That day, I climbed just ahead of the race to the 4,000-foot summit of the Arcu Correboi pass, where a well-muffled spectator gave me two swigs from a flask of Cognac before the riders arrived. As the hail turned to snow, a white blanket covered the bumpy road. And after the peloton passed, I began the steep descent, where the wind-blown snow stung my face. In order to see, I had to close one eye, leave the other half open and screw my head around at an angle.

My feet, hands and face were slowly freezing when suddenly a great booming sound came from behind, and a high wall of metal loomed into my peripheral vision. It was a snowplow. The driver waved me over, stopped, put my bike in the back of his truck and helped me into the heated cab. He dropped me off 10 miles later in the remote mountain town of Fonni, where a group of villagers crowded around this still-shivering stranger, and one of them took me and my bike into a bar to treat me to another tot of brandy!

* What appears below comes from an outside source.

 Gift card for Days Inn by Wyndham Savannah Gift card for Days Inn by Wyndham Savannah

I had a more frightening snowstorm experience in the mid-1980s after reporting the Étoile de Bessèges, a February stage race in southern France — where rookie American pro Thurlow Rogers from Southern California was shocked one day when the water in his bottles turned to ice. I covered the race by bike. The next day, I headed east on a back road through the Cévennes. As I gained elevation, the light snow grew in intensity, and fell so deep on the road that I had to dismount and push my luggage-laden bike as best I could; I’d gone too far to turn back.

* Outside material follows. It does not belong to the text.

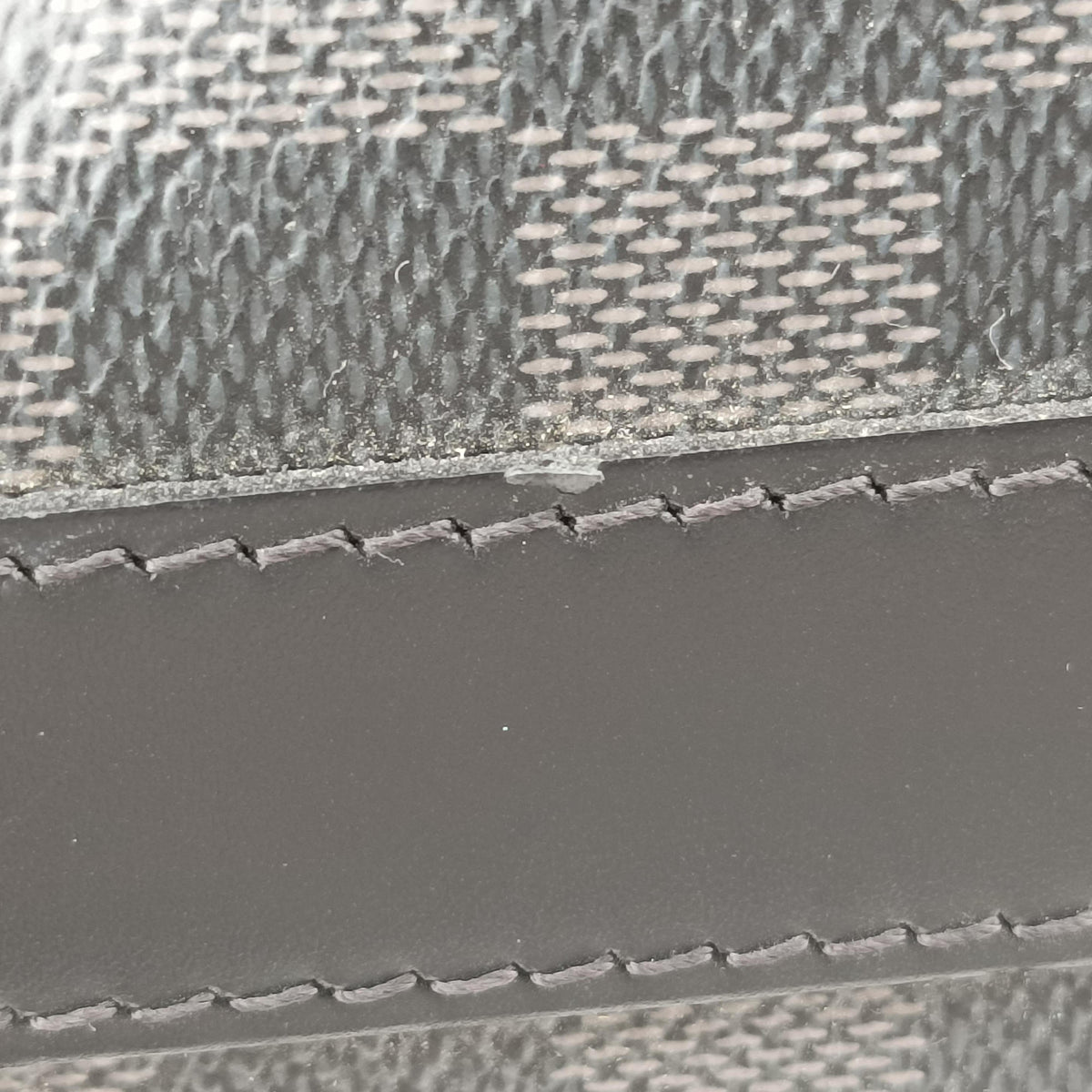 Secondhand Louis Vuitton Keepall Bandouliere 45 Monogram Eclipse Monogram Eclipse Canvas M40569 shoulderbag | stylenewstar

There were no houses on that desolate plateau, and I hadn’t seen any vehicles since early in the day. I was having trouble navigating in the whiteout, and I was getting colder and colder, despite putting on all the extra clothing I could find in my panniers. What should have been a pleasant two-hour ride was turning into a never-ending trudge … perhaps I wouldn’t even make it.

The snow kept falling. And when the road began dropping toward a far valley, I hopped onto one pedal, scooting the bike, in the hope of getting to a village before I collapsed with hypothermia—well, that’s what was going through my mind after all those hours of plodding alone in that bleak, silent, snow-covered landscape.

Just as I was despairing of ever reaching civilization I spotted a truck moving in the far distance. It didn’t come my way, but when I reached where it had been, I found the road had been partially plowed. I was able to start riding (very slowly) again … and I did reach a village, where I stuffed myself with cookies and hot tea before continuing to a real town. I checked into a small inn and soaked in a hot, deep bathtub. Bliss.

As for the most memorable day of bad-weather bike racing I’ve witnessed, that came in 1988 at the Giro d’Italia — and I don’t think anyone told the peloton to stop racing when heavy rain turned to snow on the Passo di Gavia. I know how cold it was because the French journalist I was traveling with stopped his car on the 8,600-foot summit. We stood in snow being driven horizontally by fierce crosswinds and watched the racers climbing laboriously, one by one, through the blizzard.

I’ve written about that (truly) epic day many times: how first-man-to-the-top Johan Van der Velde was so cold he stopped and climbed into his team car, and stayed there for many long minutes, warming up and changing into dry clothes before continuing; how second-man-to-the-summit Andy Hampsten donned ski gloves and a balaclava before tracking a solo path through snow and fog on the treacherous, dirt-road descent, risking frostbite, before claiming the leader’s maglia rosa in the valley; how several riders went hypothermic; and how only a handful actually quit the race.

Bob Roll, who was one of the survivors, wrote a piece titled “The Day the Big Men Cried” for one of his books. Those big men weren’t stopped by a little hailstorm — as their counterparts were last week in Argentina.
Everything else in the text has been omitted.